# I found the needle in the haystack



## Skramer360 (6 mo ago)

We have needed a small tractor at our place, 18 acres mixed woods and field, for a lot of years, but I could never afford to buy one. I also worked for over 20 years for a company with a rental fleet of equipment that I could take home any time I needed. About 4 years ago I left that job and didn't have access to the equipment any longer. I started looking casually for a CUT about a year or two ago, but the $14k to $16k for a used one with a loader like I wanted still had me stymied. Back in July I saw a New Holland TC30 for sale for a great price, but it didn't have a loader. I know everyone says don't buy a tractor without a loader, but I did anyway.








It had a deck I didn't need, so I took it off.








Then I realized how difficult and expensive it was going to be to get a loader. I kept looking at tractor breakers and marketplace etc. Then my wife tells me she wants me to find a loader for the tractor as her Christmas present to me. She is a great lady and I love her to death. I contacted Long Lane Tractor in Pennsylvania and they had an Ansung NTC30 that would fit my TC30 and they would take my unneeded deck on trade. It was almost 1400 miles round trip and two days, but now I have the tractor and loader we need.

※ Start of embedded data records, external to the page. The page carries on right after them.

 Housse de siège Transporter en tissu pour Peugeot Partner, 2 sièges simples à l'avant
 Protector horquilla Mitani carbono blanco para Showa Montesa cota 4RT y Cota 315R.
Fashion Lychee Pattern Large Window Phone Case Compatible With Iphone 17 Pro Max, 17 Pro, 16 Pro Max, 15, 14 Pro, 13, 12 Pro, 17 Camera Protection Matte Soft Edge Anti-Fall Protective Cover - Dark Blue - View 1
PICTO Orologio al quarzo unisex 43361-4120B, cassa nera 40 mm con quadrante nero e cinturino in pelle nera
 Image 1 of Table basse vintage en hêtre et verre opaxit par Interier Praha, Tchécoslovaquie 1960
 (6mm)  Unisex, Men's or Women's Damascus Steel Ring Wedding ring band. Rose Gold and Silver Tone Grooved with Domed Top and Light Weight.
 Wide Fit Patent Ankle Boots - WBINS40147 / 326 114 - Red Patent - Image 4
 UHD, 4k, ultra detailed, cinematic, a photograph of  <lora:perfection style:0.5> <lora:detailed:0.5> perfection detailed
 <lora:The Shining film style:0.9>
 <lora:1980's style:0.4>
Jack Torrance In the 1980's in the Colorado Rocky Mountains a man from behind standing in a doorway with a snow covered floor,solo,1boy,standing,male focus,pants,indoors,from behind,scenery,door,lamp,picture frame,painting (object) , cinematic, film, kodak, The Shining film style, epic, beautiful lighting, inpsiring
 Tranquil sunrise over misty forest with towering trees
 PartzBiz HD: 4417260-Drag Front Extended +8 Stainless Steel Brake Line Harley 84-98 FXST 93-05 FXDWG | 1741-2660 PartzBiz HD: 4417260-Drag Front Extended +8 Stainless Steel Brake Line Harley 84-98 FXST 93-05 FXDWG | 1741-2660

Sorry for the longwindedness, I just wanted to share the story.


----------



## BinVa (Sep 21, 2020)

Congratulations… a nice looking small rig. As they say..good things come to those that wait. B


----------



## NTSOG (Dec 13, 2021)

G'day Skramer360,

I'm curious as to the maximum load you can lift and carry safely with the rear boom shown in your photos? [I presume it _is_ for lifting.]

Jim
Ballarat, Victoria
Australia


----------



## Skramer360 (6 mo ago)

NTSOG said:


> G'day Skramer360,
> 
> I'm curious as to the maximum load you can lift and carry safely with the rear boom shown in your photos? [I presume it _is_ for lifting.]
> 
> ...


Yes, it is for lifting. If you look closely, there are two lifting loops. The one at the end is rated for 500lbs and the one that is closer to the tractor is rated at 1000lbs. I picked up a log of about 800lbs with the higher rated one easily. That was before I had a loader and I did have to anchor the front of the tractor because it was lifting it off the ground. One nice thing about the boom poles is that they are pretty inexpensive. I picked this one up for $75 used on Facebook marketplace. Even new around here I've seen them less than $200.


----------



## NTSOG (Dec 13, 2021)

G'day Skramer360,

That is a very useful tool to have and bought for $ peanuts too! I didn't notice the second lifting point initially, but that makes sense. It, combined with your new front-end loader, will give you great flexibility. Just keep your front wheels on the ground.

Jim


----------



## Major T (28 d ago)

Nice looking machine. Congrats.


----------



## redraptor (2 mo ago)

Wow, that loader looks sturdy!


----------



## Skramer360 (6 mo ago)

redraptor said:


> Wow, that loader looks sturdy!


I haven't had a chance to use it much yet, but it seems to be built very well, the welds all look great and the steel is nice and beefy. Long Lane tractor had a New Holland 7308 for sale, but I actually wanted the Ansung because it has the skid steer quick attach standard and I will eventually want a set of forks for it.


----------



## Will S (11 mo ago)

You did very good with your amazing find.!
You also did good in finding a loader for the Ford.


----------



## Vigo (Oct 8, 2021)

Sounds like a crazy bit of luck!! Congrats!


----------



## Redlands Okie (Nov 5, 2017)

Congrats. Persistence can pay off.


----------